Building safety regime in Wales will apply to all buildings of two or more homes

The Welsh minister for climate change has revealed that the building safety regime in Wales will apply to all multi-occupied buildings that contain two or more homes, regardless of height.

Julie James said in a statement:

It is our intention to go significantly further than the [regime] introduced in England via the Building Safety Act 2022.

Any exemptions to the rules will be laid out in legislation at a later date. 

She also extended the deadline for building inspectors to be registered with the Building Safety Regulator (BSR) from 6 April to 30 September after "listening to concerns" over the timeframe.

The minister said the Building Safety Programme in Wales will focus on both the issues posed by external cladding and on internal fire safety issues.

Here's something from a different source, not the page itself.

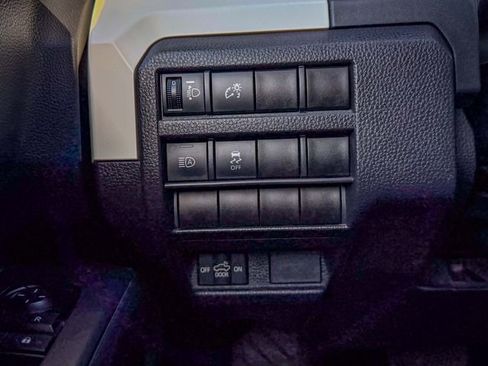 Used 2024 Toyota Tacoma TRD Off-Road AWD/4WD image 36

The programme has been developed as part of Welsh Labour's co-operation agreement with Plaid Cymru. Senedd officials have consulted a range of stakeholders, including tenants, homeowners, housing chairs and local authorities in creating the new system.

Management consultancy Adroit Economics has been commissioned to undertake an economic examination, including a cost-benefit analysis, of the proposals. Once the cost and resourcing implications on councils are more clearly understood, officials will develop a plan to support a transition period.

In July, the Welsh government confirmed that all housebuilders that signed up to the developers' pact to remediate buildings with fire safety issues have set out plans for completing the work, despite concerns raised by a resident group.

James said: 

Lessons from the Grenfell tragedy highlighted the need for clear accountability in relation to those who own and manage relevant buildings.

The Building Safety (Wales) Bill will establish a robust and coherent regulatory system, creating clear lines of accountability, imposing a range of statutory duties on relevant 'duty-holders' in respect of the relevant parts of a multi-occupied residential building.

Work is also under way to reach out to smaller developers that fall outside the terms of the developers' pact, with the Welsh government committed to providing support to developers that cannot cover the full cost of works.

Any building whose developer has ceased trading or is not identifiable for any reason will fall under the responsibility of the government.

James added:

Eleven major developers have signed up to our contract so far. I am disappointed, however, that Watkins Jones are yet to sign our contract. I do not consider this acceptable. 

I have made it clear, and will do so again when I meet Watkins Jones, that I will consider all options available, including prohibitions on development, to ensure developers step up to their responsibilities.

We are working with other developers, understanding we all have a common interest in putting right fire safety issues and knowing the reputational damage of not doing so swiftly.

A joint inspection team will be established to support local authorities and fire and rescue services in undertaking additional inspections of high-risk buildings, as well as providing advice on building control, environmental health, fire engineering and rescue services.

This team is expected to undertake its first inspection at the start of the financial year and will prioritise buildings where the owners have not yet submitted an expression of interest to the Welsh government's Building Safety Fund.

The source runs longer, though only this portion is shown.